There's definitely a difference. The shooting stance that works best for me gives me a little over 26" draw, so I make my bows a few pounds heavier and as efficient as possible to compensate. One thing I find interesting is that 28" is usually considered the average or standard draw length for some reason. I did a draw-length poll on the Primitive Archer board once, and found that 26" was actually much closer to the average than 28" over a large group of primitive/trad shooters. Many people who thought they were drawing 28" or more were surprised when they actually measured what they were drawing.


----------



## robert carter (Jan 18, 2011)

Dan Quillen told me once that an inch of draw length was equal to 5 pound of draw weight in performance.RC


----------



## Al33 (Jan 18, 2011)

NCHillbilly said:


> There's definitely a difference. The shooting stance that works best for me gives me a little over 26" draw, so I make my bows a few pounds heavier and as efficient as possible to compensate. One thing I find interesting is that 28" is usually considered the average or standard draw length for some reason. I did a draw-length poll on the Primitive Archer board once, and found that 26" was actually much closer to the average than 28" over a large group of primitive/trad shooters. Many people who thought they were drawing 28" or more were surprised when they actually measured what they were drawing.

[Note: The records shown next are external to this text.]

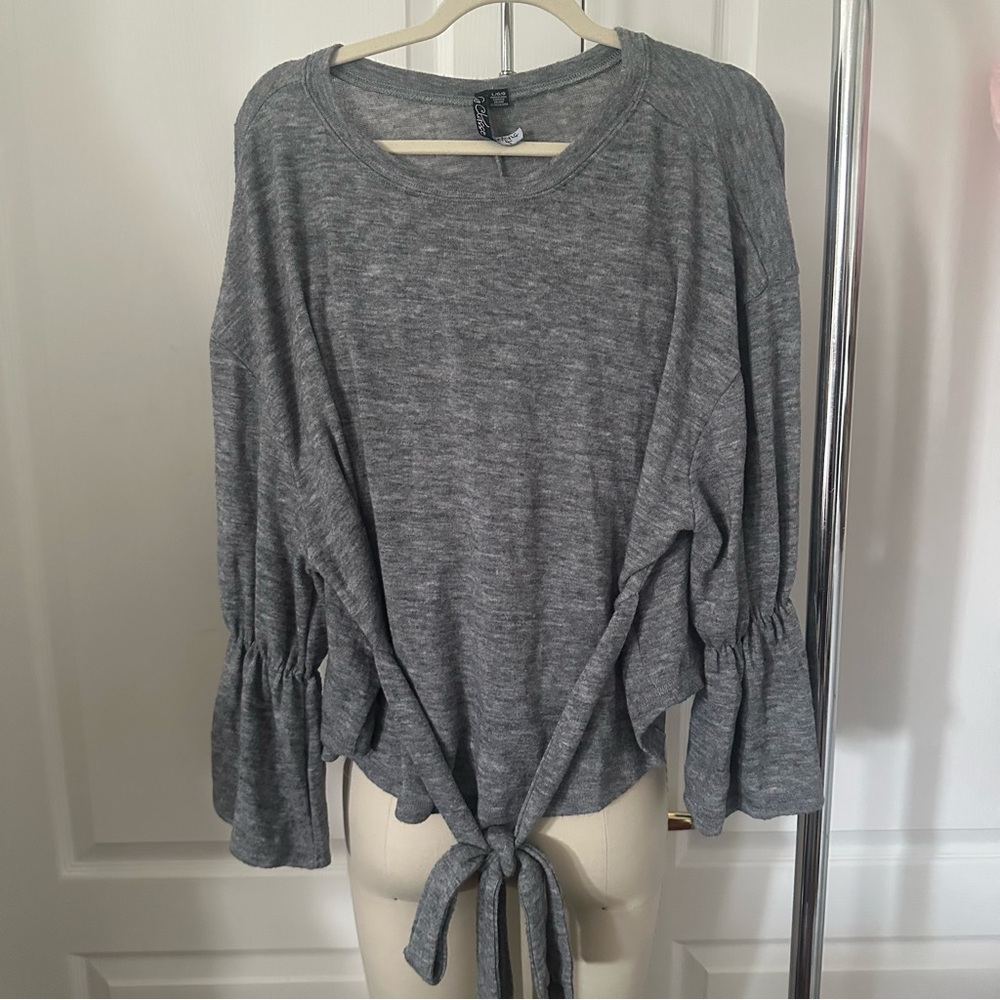 Gray 3/4 Sleeve Tie Front Top | La Classe Couture Size L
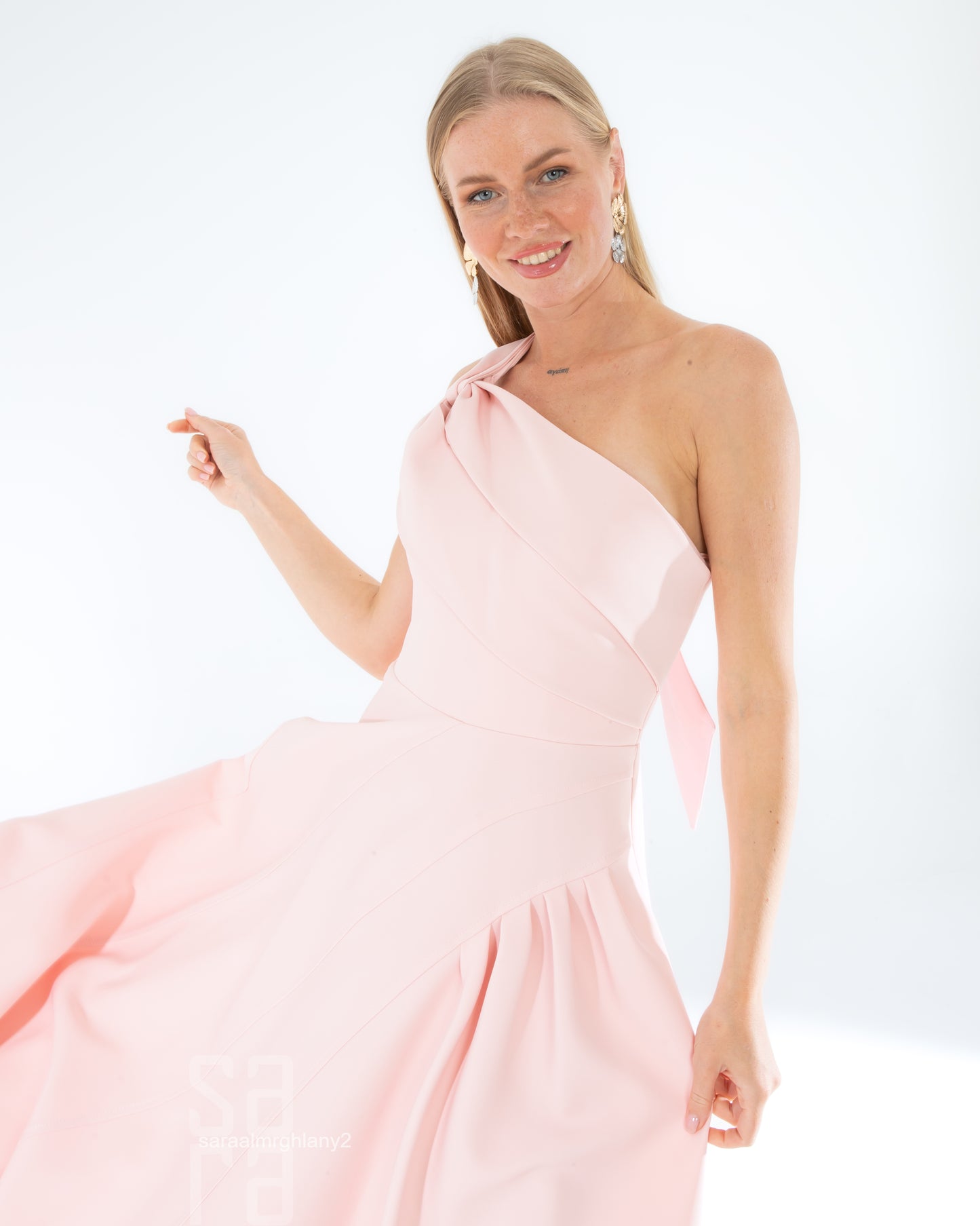 فستان طويل بكتف واحد وتفاصيل عقدة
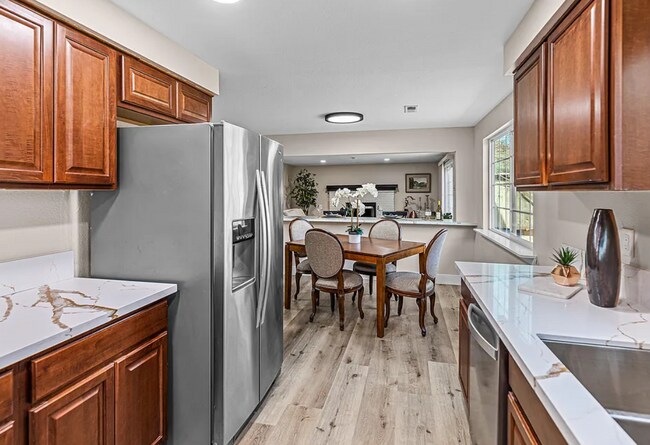 Building Photo - 2725 Randolph St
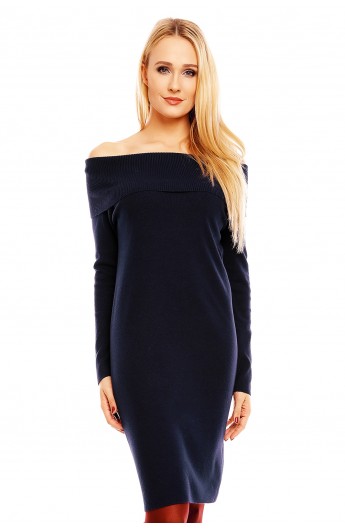 Rochie tricotata cu decolteu barcuta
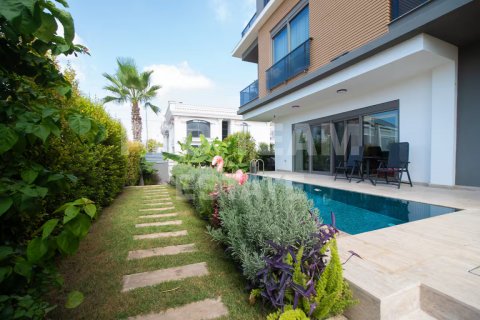 Villa for sale  in Muratpasa, Antalya, Turkey, 280m2, No. 210312 – photo 4
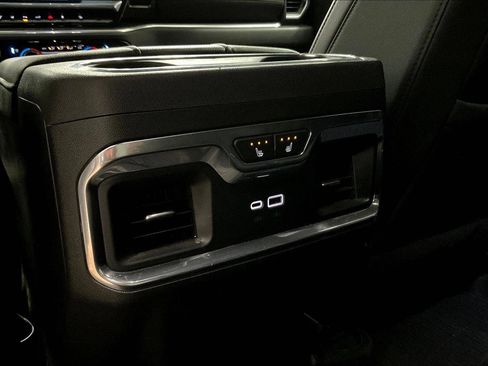 Used 2024 Chevrolet Silverado 2500 LTZ w/ LTZ Plus Package image 39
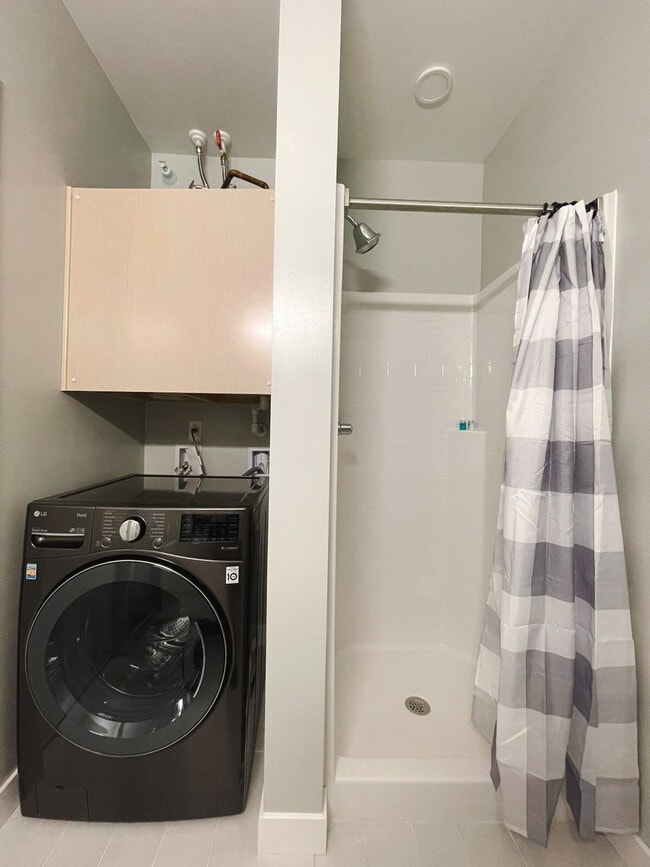 Photo - 2530 University Ave Unit SI ID1036854P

I was. My draw is shorter than what I had thought but of course it may be getting shorter the older I get.


----------



## redman17 (Jan 18, 2011)

robert carter said:


> Dan Quillen told me once that an inch of draw length was equal to 5 pound of draw weight in performance.RC



that's because Dan shot bows that would break anyone on this forum (besides maybe Big Jim)'s shoulder  Idk if it would be that much on a 40 or 50# bow, but I'm just guessing

I heard some guys on trad gang talking about increasing their draw lengths to get better penetration on Cape Buffalos, makes sense if you think about it... physics archery's best friend


----------



## TGUN (Jan 18, 2011)

Thanks guys, I knew some of you would have a logical answer. All makes sense. I told him he could start anchoring behind his head, but it would be best if he spent more time on his form and less on worrying about how his short draw effects his bow speed.


----------



## Barry Duggan (Jan 19, 2011)

Fred Bear said at increased distances instead of holding higher, he just pulled the string back further. A little easier to do if you anchor at the corner of your mouth...not so much if you anchor behind your jaw.


----------



## OconeeDan (Jan 19, 2011)

What it boils down to is...us short guys with short arms are screwed!
Dan

ps - SOS has words of wisdom up there.


----------



## bownarrow (Jan 22, 2011)

with  most of the bows we shoot an inch, as you near the bow's target weight (which on most, as someone said above is at 28") is adding or subtracting around 3#


----------



## gurn (Jan 22, 2011)

OconeeDan said:


> What it boils down to is...us short guys with short arms are screwed!
> Dan
> 
> ps - SOS has words of wisdom up there.



Well Dan if it makes ya feel better we both in the same boat.


----------



## redman17 (Jan 22, 2011)

The way I really see it is if you really want to shoot for speed/power shoot a compound bow, if you want to shoot for enjoyment shoot traditional (which IMO shoot better/more accurately with a more bent elbow and bent down stance. Decreasing your draw by a few inches) You need to shoot to get the arrow lined up with your line of sight as much as you can


----------